Out of memory issue with small model (500k parameters) and small to medium batch sizes

I am working with a comparatively small model with about 500k parameters. The model summary is

 Layer (type)                Output Shape                 Param #   Connected to                  
 Input_left (InputLayer)     [(None, None)]               0         []                            
 Input_right (InputLayer)    [(None, None)]               0         []                            
 Encoder_left (Encoder)      (None, None, 64)             1088      ['Input_left[0][0]']          
 Encoder_right (Encoder)     (None, None, 64)             1088      ['Input_right[0][0]']         
 AE_enc_enc_right (AE_Encod  (None, None, 8)              520       ['Encoder_right[0][0]']       
 AE_enc_enc_left (AE_Encode  (None, None, 8)              520       ['Encoder_left[0][0]']        
 FRAE_enc_right (FRAE)       (2, None, 8)                 1760      ['AE_enc_enc_right[0][0]']    
 FRAE_enc_left (FRAE)        (2, None, 8)                 1760      ['AE_enc_enc_left[0][0]']     
 AE_enc_dec_right (AE_Decod  (2, None, 64)                576       ['FRAE_enc_right[0][0]']      
 AE_enc_dec_left (AE_Decode  (2, None, 64)                576       ['FRAE_enc_left[0][0]']       
 Attention_layer_2 (Multipl  (2, None, 64)                0         ['Encoder_left[0][0]',        
 y)                                                                  'AE_enc_dec_right[0][0]',    
 TCN_left (TCN)              (2, 7999, 512)               204480    ['Attention_layer_2[0][0]']   
 TCN_right (TCN)             (2, 7999, 512)               204480    ['Attention_layer_2[1][0]']   
 AE_tcn_enc_right (AE_Encod  (2, 7999, 8)                 4104      ['TCN_right[0][0]']           
 AE_tcn_enc_left (AE_Encode  (2, 7999, 8)                 4104      ['TCN_left[0][0]']            
 FRAE_tcn_right (FRAE)       (2, None, 8)                 5841      ['AE_tcn_enc_right[0][0]']    
 FRAE_tcn_left (FRAE)        (2, None, 8)                 5841      ['AE_tcn_enc_left[0][0]']     
 AE_tcn_dec_right (AE_Decod  (2, None, 512)               4608      ['FRAE_tcn_right[0][0]']      
 AE_tcn_dec_left (AE_Decode  (2, None, 512)               4608      ['FRAE_tcn_left[0][0]']       
 Attention_layer_1 (Multipl  (2, 7999, 512)               0         ['TCN_left[0][0]',            
 y)                                                                  'AE_tcn_dec_right[0][0]',    
 Masker_left (Masker)        (2, 7999, 64)                33344     ['Attention_layer_1[0][0]',   
 Masker_right (Masker)       (2, 7999, 64)                33344     ['Attention_layer_1[1][0]',   
 Decoder_left (Decoder)      (2, 64000)                   1024      ['Masker_left[0][0]']         
 Decoder_right (Decoder)     (2, 64000)                   1024      ['Masker_right[0][0]']        

Basically it is the model of a colleague which I am extending through additional submodels.
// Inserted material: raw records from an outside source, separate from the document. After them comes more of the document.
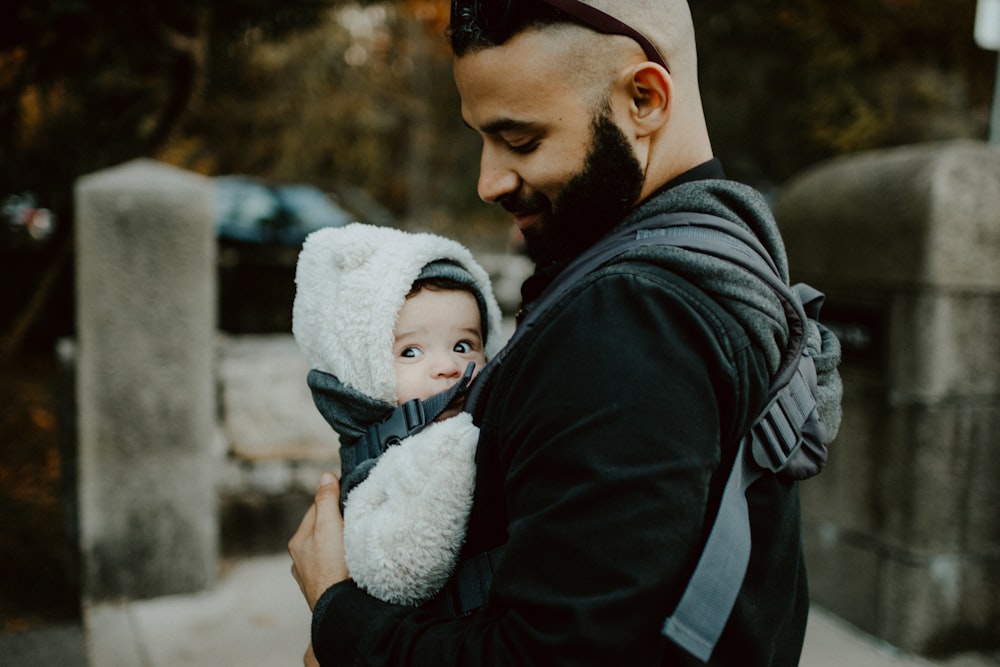 homme portant un bébé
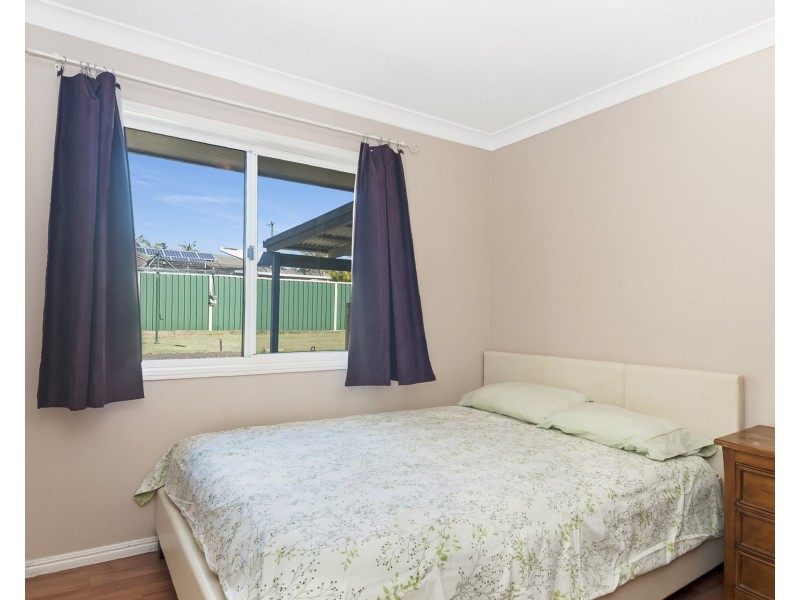 8 Cania Court, Marsden QLD 4132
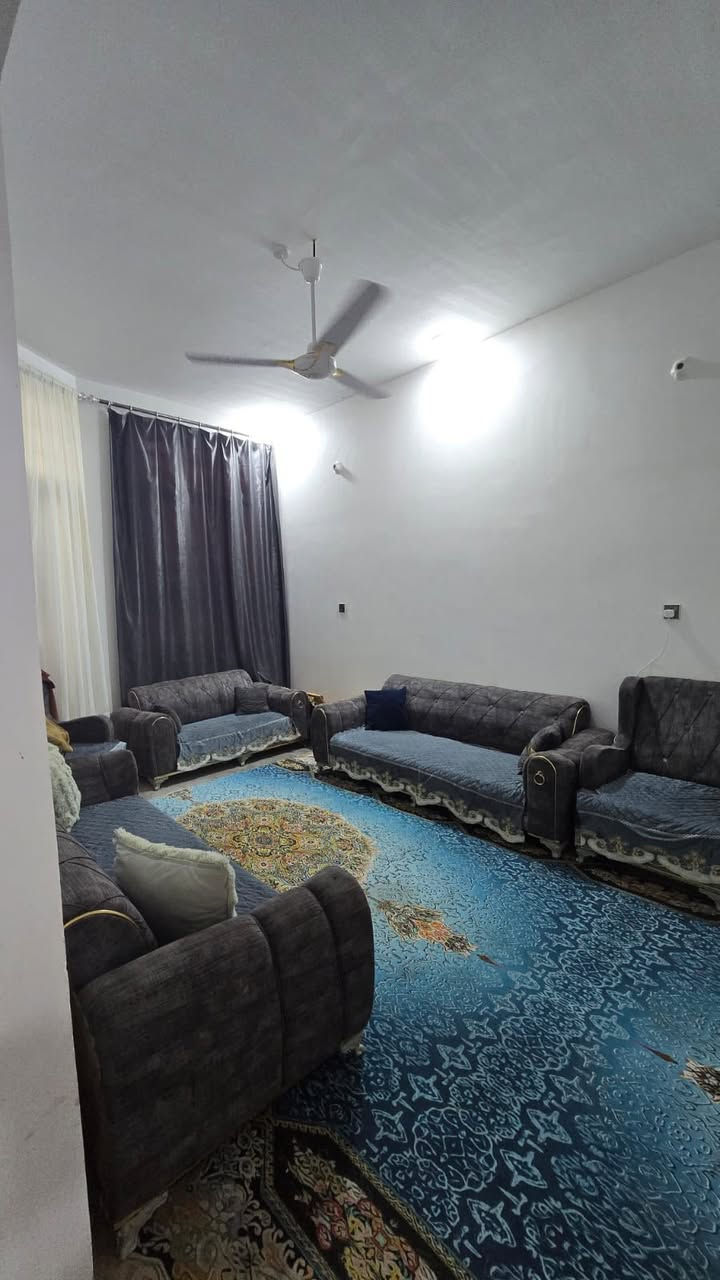 بيت للبيع ⭕️(طابو زراعي سند 25 )(معامله تطويب )
⭕️المساحة :100
⭕️واجها: 5م ✅
⭕️نزال :20م✅
⭕️العنوان الدار  / التقية الثالثة _مجمع الروان النموذجي
⭕️بناء البيت 2025
⭕️بناء كونكريت مسلح 
—————————————
           تـــفـــاصـــيـــل الـــدار 
(كونكريت مسلح )
⚜️ غرفة
⚜️صالة 
⚜️استقبال
⚜️مطبخ 
⚜️مجاميع صحية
As you can see, the model is rather small with not even a million of parameters. As mentioned in other threads by me, due to the FRAE model, which is a recurrent model, training on the GPU is rather slow, so I am trying to increase my batch size to improve the training speed.

However, I quickly run out of GPU memory for some reason if I try to train the entire model as listed with the fit() method. I got 24 GB of GPU memory (our cluster even goes up to 48 GB), yet I cannot train with a batch size above 16-32. According to computations of GPU RAM requirements with respect to model size and data size, this seems to be by far enough to train with batch sizes > 128. Yet, when I set the batch size accordingly, I immediately run out of memory for some reason.

I tried to set allow_memory_growth to true via

os.environ['TF_FORCE_GPU_ALLOW_GROWTH'] = 'true'
physical_devices = tf.config.list_physical_devices("/GPU:0")
for device in physical_devices:
    tf.config.experimental.set_memory_growth(device, True)

but this also did not change anything. The data I am using consists of audio files with 64000 samples per file which should not be overkill.

I am wondering, why my model consumes so much memory. Does anyone have an idea what might cause this? The data I am using is stored in TFRecords. I have suspicions that this might be somehow cause the out of memory issue?! Or is it the multiplication going on? That is where the out of memory error is usually raised. I am at wits’ end.
I cannot believe that this model has to require so much data, seeing that you can train way larger models and similar data with about equal amounts of GPU Ram.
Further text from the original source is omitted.